Arun Sarin succeeded Sir Christopher Charles Gent in the summer of 2003, to run Vodafone, the £2bn telecommunications giant, after it had gone through a period of intensive acquisitions. The acquisition phase, Sarin says, is largely over. The focus now is to complete the integration of Vodafone’s disparate companies. ‘We acquired a lot of companies to become what we are today. Now we have to make this series of companies work as one operating company.’ Mr Sarin says he is happy to be steering that course. ‘No company runs on automatic pilot. You need to manage and steer and direct a company not as an individual but as a group of senior team members that bring different skills to the table. After the discussion we figure out where we want to go, at what speed we want to go, what sector we want to go in. All of those things are important.’ That approach reflects a management style built on consensus.
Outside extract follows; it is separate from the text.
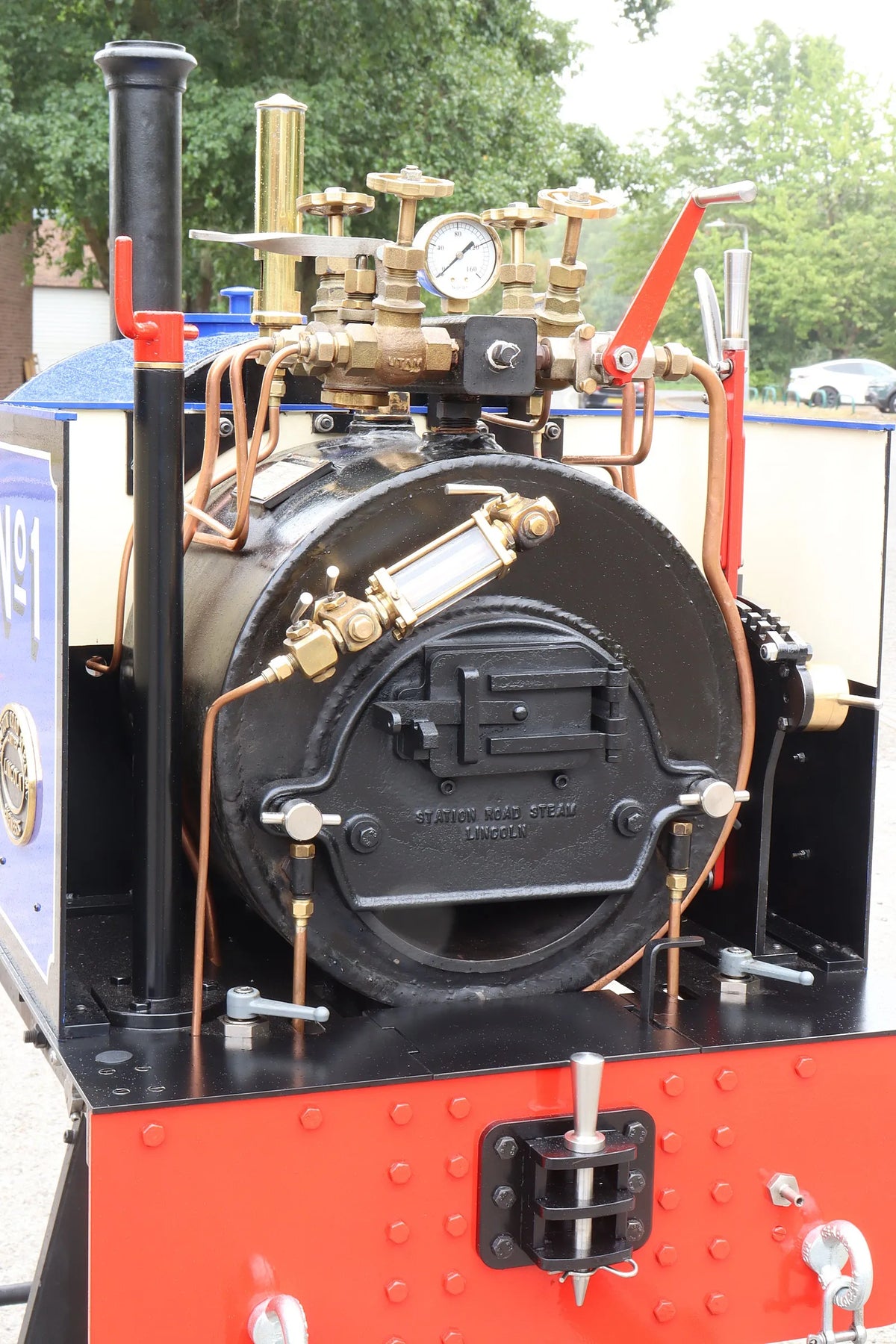 7 1/4 inch gauge Stafford 0-4-0ST, works number 1409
The new chief executive spreads the Vodafone operating mission in person at so-called ‘town-hall meetings’ to some of the group’s 68,000 employees in some 28 countries. Sir Christopher, who started the practice, addressed more than
30,000 workers in such meetings in 2002 alone. Mr Sarin also relies on the company’s flagship wireless devices to communicate with the workforce by e-mail and webcam. A graduate of the Indian Institute of Technology and the University of California at Berkeley, he relies heavily on performance targets, benchmarking and stiff financial measures to monitor results. Anything that threatens Vodafone’s annual revenues of c50bn, underlying earnings of c20bn and free cash flow of c10bn is viewed dimly. Referring to Vodafone’s ‘play-book’, he says: ‘One of the nicest things about Vodafone is that we benchmark everything. We benchmark churn, we benchmark revenue, we benchmark cost of acquisition . . . and then we put all the charts up and we say, “OK, Italy does this really well and the UK does this really well and Germany does this really well. Can we learn something from their business model that we can apply in our other markets?”’ ‘We do this absolutely rigorously and with great enthusiasm every month. But, frankly, we don’t talk a lot about it externally. I would say this is part of the internal management and process that helps us stay ahead of the competition.’ Vodafone’s new chief executive does not see anything particularly smart about employing such measures. They are seen as logical tools for a global corporation in evolutionary mode. Sarin pays tribute to his predecessors: the company ‘is in very good shape’. As a long-serving Vodafone non-executive director, he could hardly do otherwise. But colleagues suggest he is also determined to strip out duplication and savings from far-flung areas. This is expected to involve more centralised product development at Vodafone’s new headquarters campus, where 3000 staff work in seven large buildings, each named after a communications legend such as Baird, Bell and Edison. Marketing, branding and sales will be more carefully co-ordinated across different territories. Summing up the Sarin challenge, one executive says: ‘The verdict is that Vodafone has got through its acquisition phase with a range of decentralised operating businesses. The issue now is to run it like one business while giving local operations a measure of autonomy. It’s not an easy trick to pull off.’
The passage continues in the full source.